The Trump administration announced in March 2018 that that the 2020 Census would include a question about citizenship status, and as regular readers know, the move immediately drew swift condemnations. The criticisms were rooted in fact: the question is likely to discourage immigrants' participation in the census, which would mean under-represented communities in the official count, affecting everything from political power to public investments.
More than a few White House critics accused the Republican administration of trying to "sabotage" the national count.
As of this morning, those same critics have reason to be pleased.
A federal judge in New York has barred the Trump administration from adding a question about citizenship to the 2020 Census.U.S. District Judge Jesse Furman said Tuesday that while such a question would be constitutional, U.S. Commerce Secretary Wilbur Ross had added it arbitrarily and not followed proper procedure.The ruling came in a case in which a dozen states or big cities and immigrants' rights groups argued that adding the question might frighten immigrant households away from participating in the census.
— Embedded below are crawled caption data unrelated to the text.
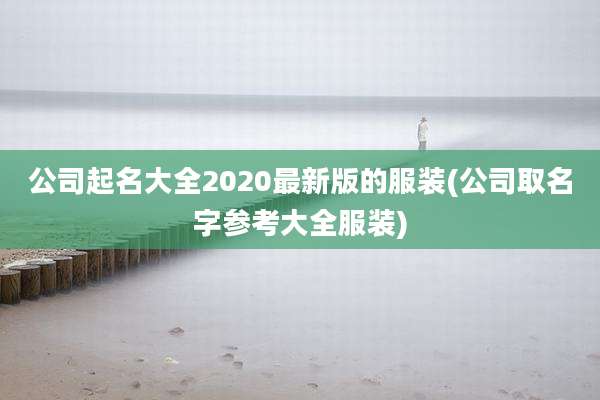 公司起名大全2020最新版的服装(公司取名字参考大全服装)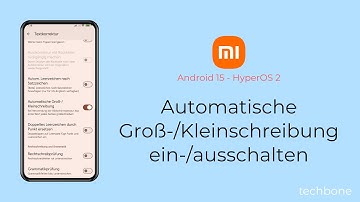 Automatische Groß-/Kleinschreibung ausschalten oder einschalten - Xiaomi [Android 15 - HyperOS 2]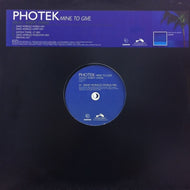 PHOTEK / MINE TO GIVE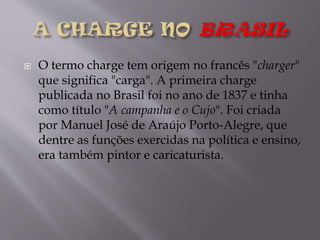 

O termo charge tem origem no francês "charger"
que significa "carga". A primeira charge
publicada no Brasil foi no ano de 1837 e tinha
como título "A campanha e o Cujo". Foi criada
por Manuel José de Araújo Porto-Alegre, que
dentre as funções exercidas na política e ensino,
era também pintor e caricaturista.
As satisfying as Furman's 277-page ruling is, it should probably be seen as the first round of a multi-round fight. There are multiple concurrent cases challenging the administration's efforts, and the U.S. Supreme Court will almost certainly weigh in before Census materials are printed this summer.
But in the meantime, there's one angle to this that worth re-emphasizing: Commerce Secretary Wilbur Ross playing fast and loose with the truth about how the Census change was made.
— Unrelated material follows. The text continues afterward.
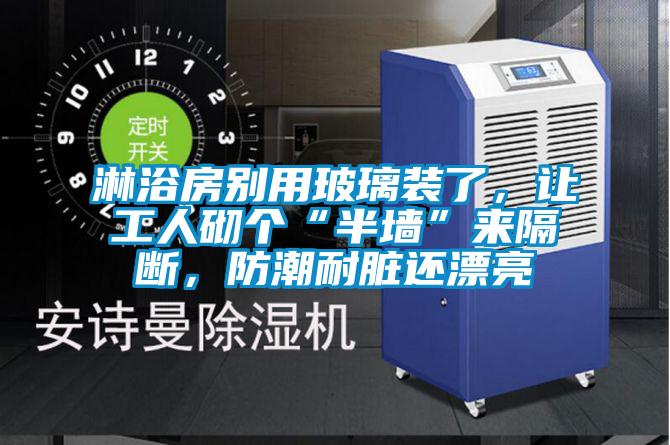 淋浴房別用玻璃裝了，讓工人砌個(gè)“半墻”來(lái)隔斷，防潮耐臟還漂亮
Let’s back up and review the trajectory of one relevant angle. Once the legal challenge to the Census policy got underway, the administration disclosed some pretty interesting emails. In May 2017, for example, Steve Bannon asked Wilbur Ross to “talk to someone about the census.” Soon after, the Commerce secretary started demanding that his team include the controversial question.
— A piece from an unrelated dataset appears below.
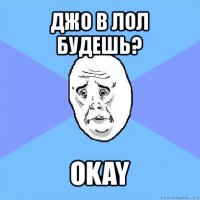 джо в лол будешь? okay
And while that’s notable in its own right, it’s especially important because Ross may have lied to Congress about the series of events. In March 2018, the Commerce secretary testified under oath to the U.S. House that it was the Justice Department that had initiated the request for the question.
In fact, when pressed specifically on whether he’d discussed the citizenship question with anyone in the Trump White House, Ross said, “I am not aware of any such.”
We now know that the cabinet secretary’s under-oath answers were, at a minimum, inaccurate.
It was several months later when Ross' memory was jogged: he conceded in October 2018 that he had, in fact, spoken with former White House adviser Steve Bannon and former Attorney General Jeff Sessions about adding the citizenship question.
TPM's report on this morning's ruling added that the judge in the case "based the decision on an official record produced by the administration that showed that the Census Bureau had repeatedly advised Ross against adding that question and that the administration’s official reason for adding the question -- for Voting Rights Act enforcement -- could be achieved in a less costly, less harmful way."